The Mobile Market from nonprofit Island Grown Initiative goes back into service Monday, visiting six Island locations each week. “We have changed up our schedule this year, so we can be at five of the six stops from 5 p.m. to 6 p.m.,” said IGI food equity and recovery manager Sophie Abrams Mazza, who projects an up to 25 per cent increase in business this season.
The one exception to the new schedule is Woodside Village, where the mobile market will stop Wednesdays from 3:30 p.m. to 4:30 p.m. The earlier slot is designed to attract parents picking up their children from programs at Martha’s Vineyard Community Services and the YMCA, Ms. Mazza said.
After its Woodside visit, the market will roll on to Hillside Village for a 5 p.m. Wednesday stop. The other 5 p.m. stops are Morgan Woods in Edgartown on Mondays, the Oak Bluffs Library on Tuesdays, St. Augustine’s Catholic Church in Vineyard Haven on Thursdays and the Wampanoag tribal housing in Aquinnah on Sundays.

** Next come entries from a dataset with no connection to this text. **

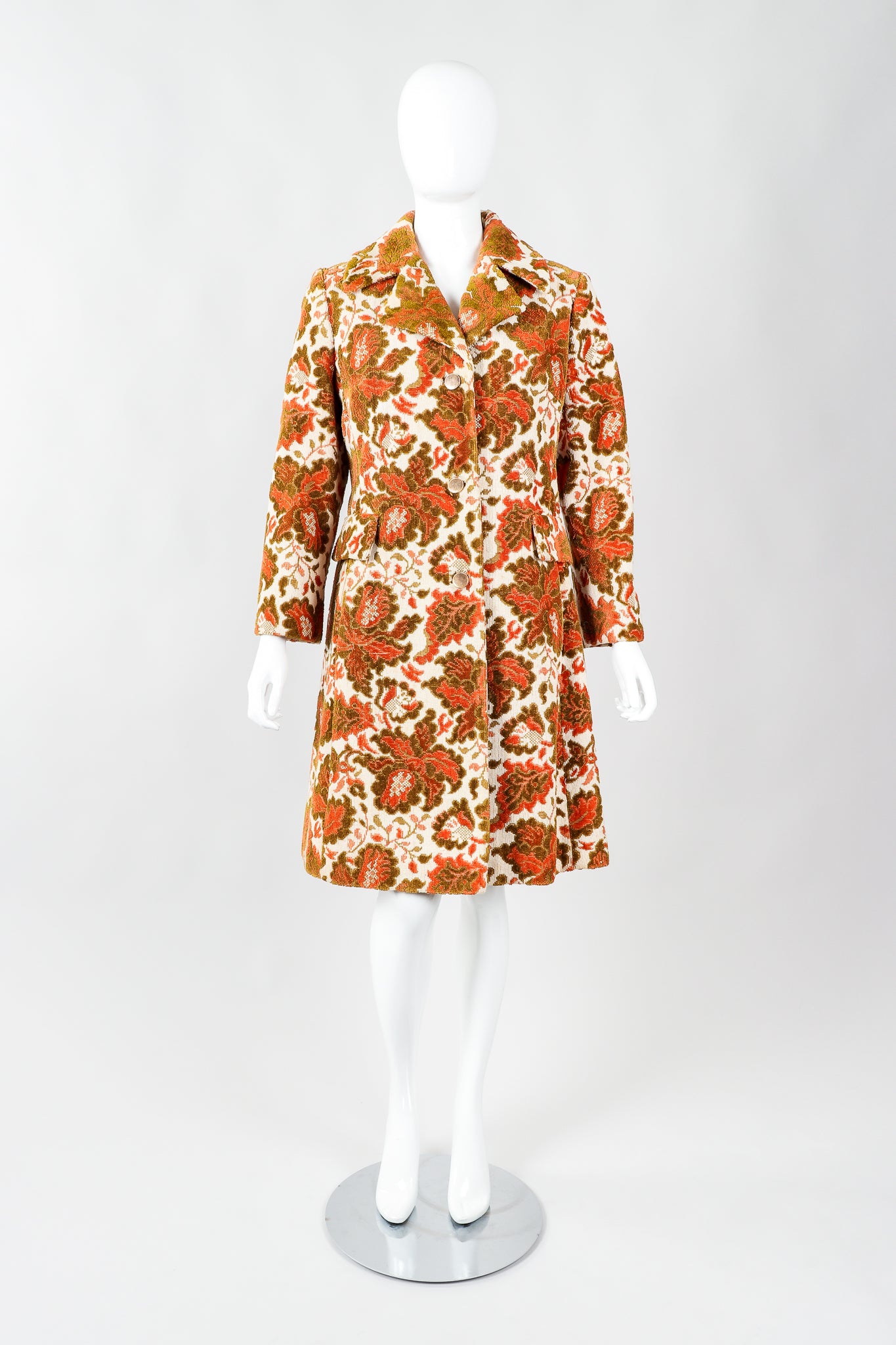 Vintage Lilli Ann Floral Chenille Carpet Coat on Mannequin Front, at Recess Los Angeles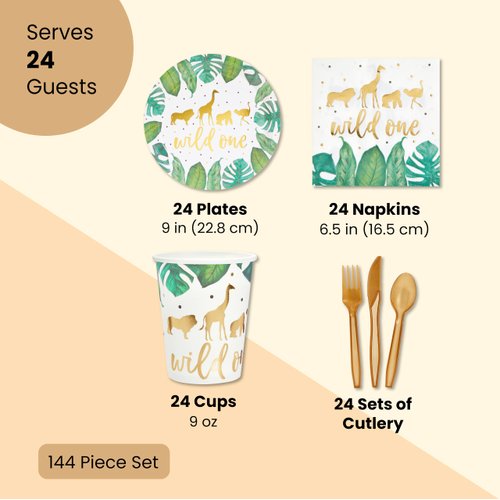 144 Piece Wild One Party Supplies for First Birthday Decorations with Safari Plates, Napkins, Cups, and Cutlery (Serves 24)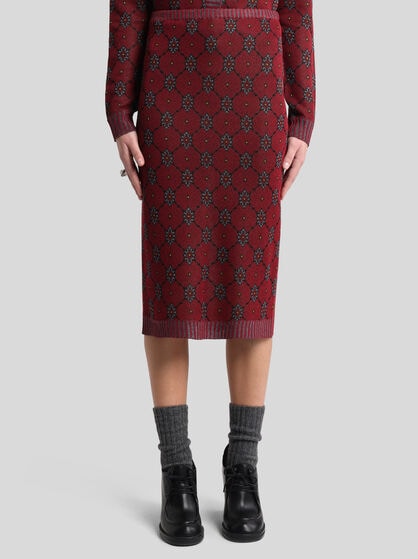 KNIT SKIRT WITH TIE-INSPIRED MOTIF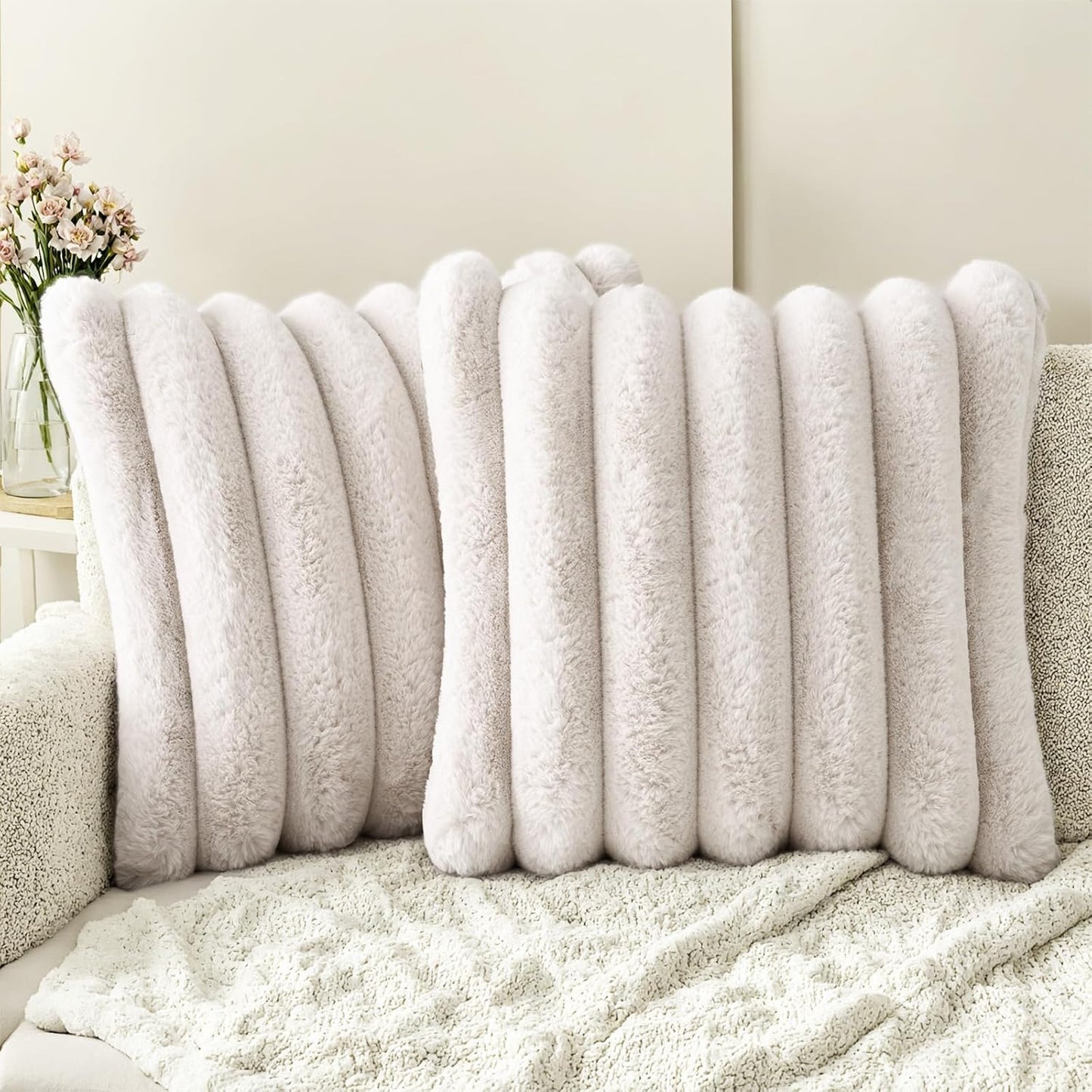 HAUSSY Faux Fur Throw Pillow Covers for Cozy Home Decor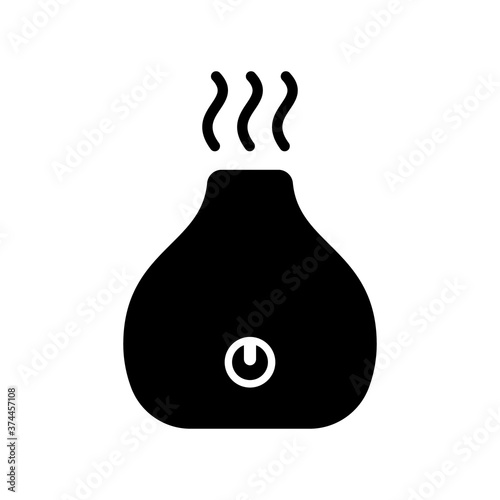 Silhouette Electronic aroma diffuser with power button, air stream. Outline icon of air freshener. Black illustration of electric device for home. Flat isolated vector pictogram, white background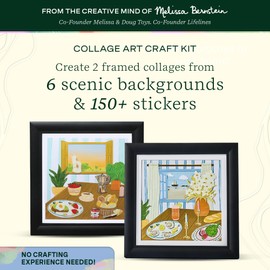 Lifelines FlowCrafts, Collage Art Kit - Miniature Framed Collages from 6 Scenic Backgrounds, 150+ Stickers & 2 Picture Frames - Sensory Arts & Crafts Kit for Teens & Adults - DIY Wall Décor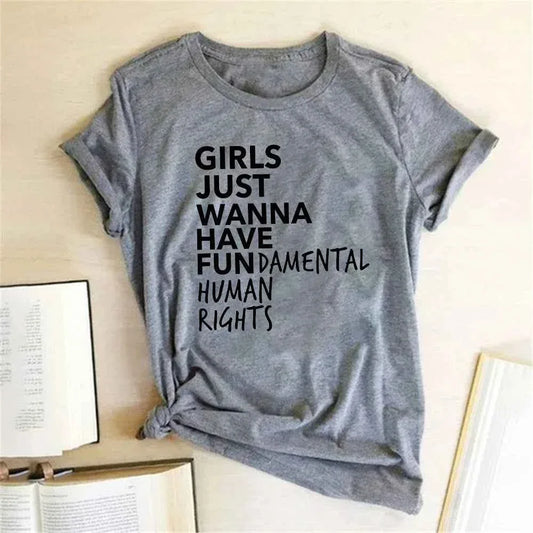Feminist T Shirt for Girls - Women's Short Sleeve Summer Tee for Human Rights - Shello's Creative Boutique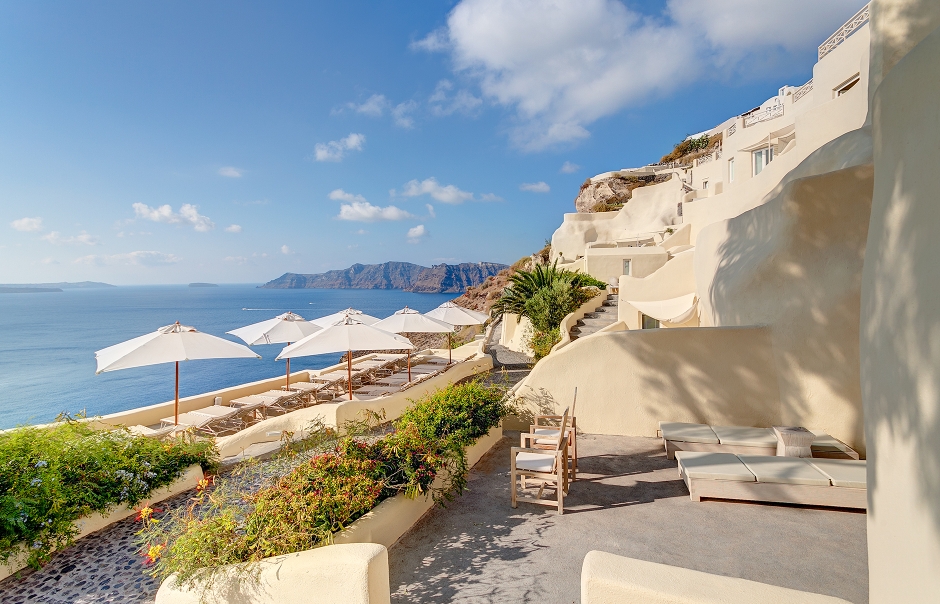 Mystique, Santorini, Greece. Hotel Review by TravelPlusStyle. Photo © Marriott International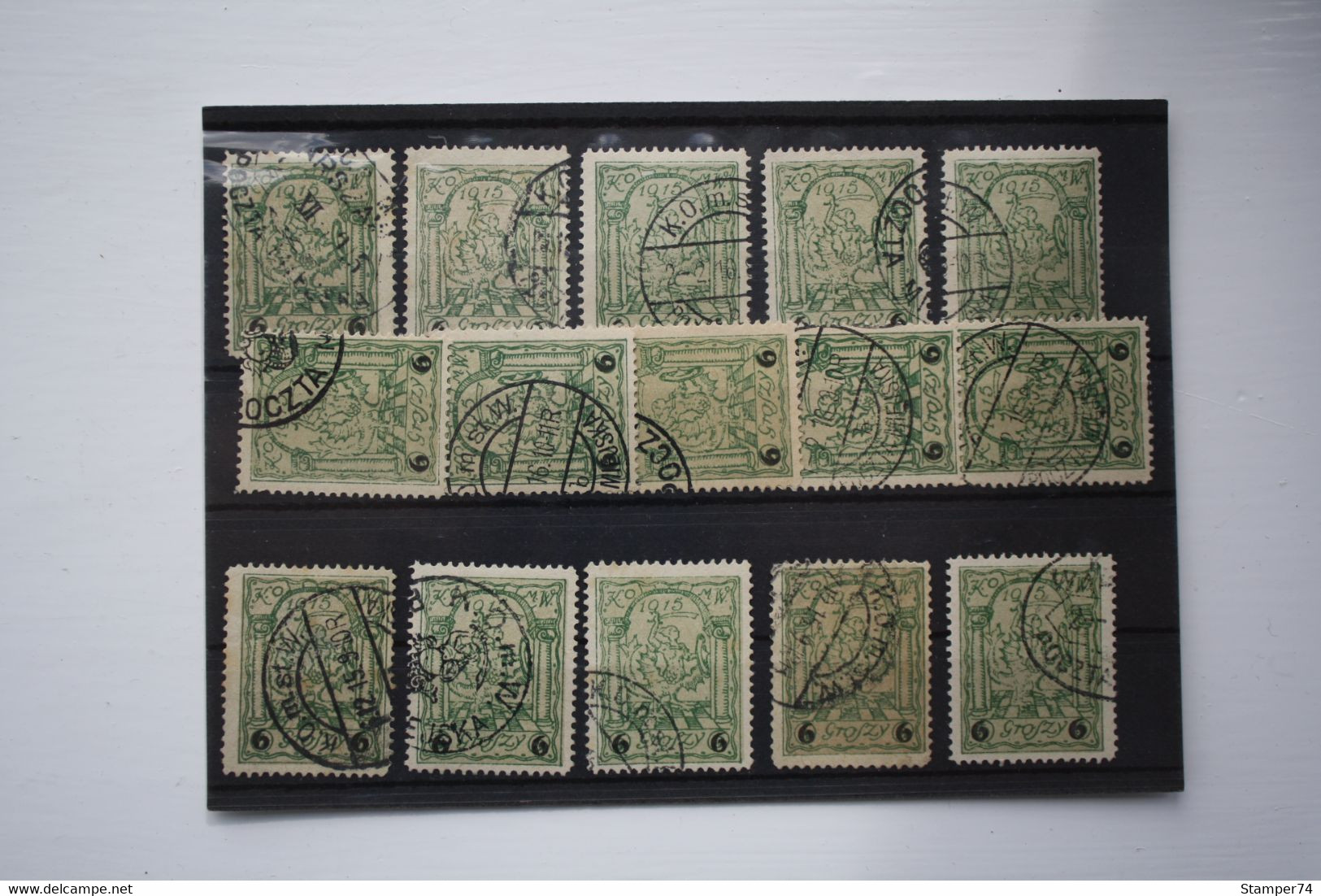 1915 Poland Locals Warszawa Used 15  Stamps Shades - Gebruikt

The mobile market will stock produce and eggs from Morning Glory Farm, Thimble Farm and Slough Farm in Katama, as well as Massachusetts honey from an off-Island producer, Ms. Mazza said.
Before hitting the road in the afternoons, the mobile market truck will take up its position as the farmstand for Thimble Farm every day but Wednesday, from 9 a.m. to 3 p.m. Located at the Farm Hub on Stoney Hill Farm in Vineyard Haven, the stand will carry produce from Thimble Farm’s year-round greenhouses, Farm Hub director Matthew Dix said.
Its Island Grown identity represents a 180-degree change in course for the mobile market truck, which Ms. Mazza said began its life as a rolling performance stage for McDonald’s icon Ronald McDonald in appearances at county fairs and other public events.
The 2005 Chevrolet Cutaway G3500 then passed into the hands of a florist, who used the burger mascot’s drop-down dance stage as a platform to display flowers and added solar panels to help power a generator for refrigeration. IGI bought the vehicle in the spring of 2017 and the mobile market made its debut last July.
Through the end of this month, customers who buy produce from the mobile market with the Supplemental Nutrition Assistance Program (SNAP) card can essentially double their benefits with the Healthy Incentive Program (HIP), which instantly credits back the amount spent on fresh fruits and vegetables from selected local vendors.
On Martha’s Vineyard, only the mobile market and Thimble Farm stand, Morning Glory Farm in Edgartown and Slip Away Farm on Chappaquiddick — as well as those farms’ stands at the West Tisbury Farmers Market — are approved for the HIP program, which ends June 30, Ms. Mazza said.
State legislators have not yet acted to fund the HIP program for the fiscal year that begins July 1. Noli Taylor, community food education director for IGI, said Massachusetts food activists are seeking $6.2 million for the next year after a three-year incentive budget of $4 million lasted less than 12 months.
“We ate through all three years of funding in less than the first year, because it worked,” Ms. Taylor. She said the Vineyard’s elected state officials, Sen. Julian Cyr and Rep. Dylan Fernandez, both support increasing the fruit and vegetable incentive.
“They see the value of it here, and the broader ramifications around the state of having people of all income levels have access to good food,” Ms. Taylor said.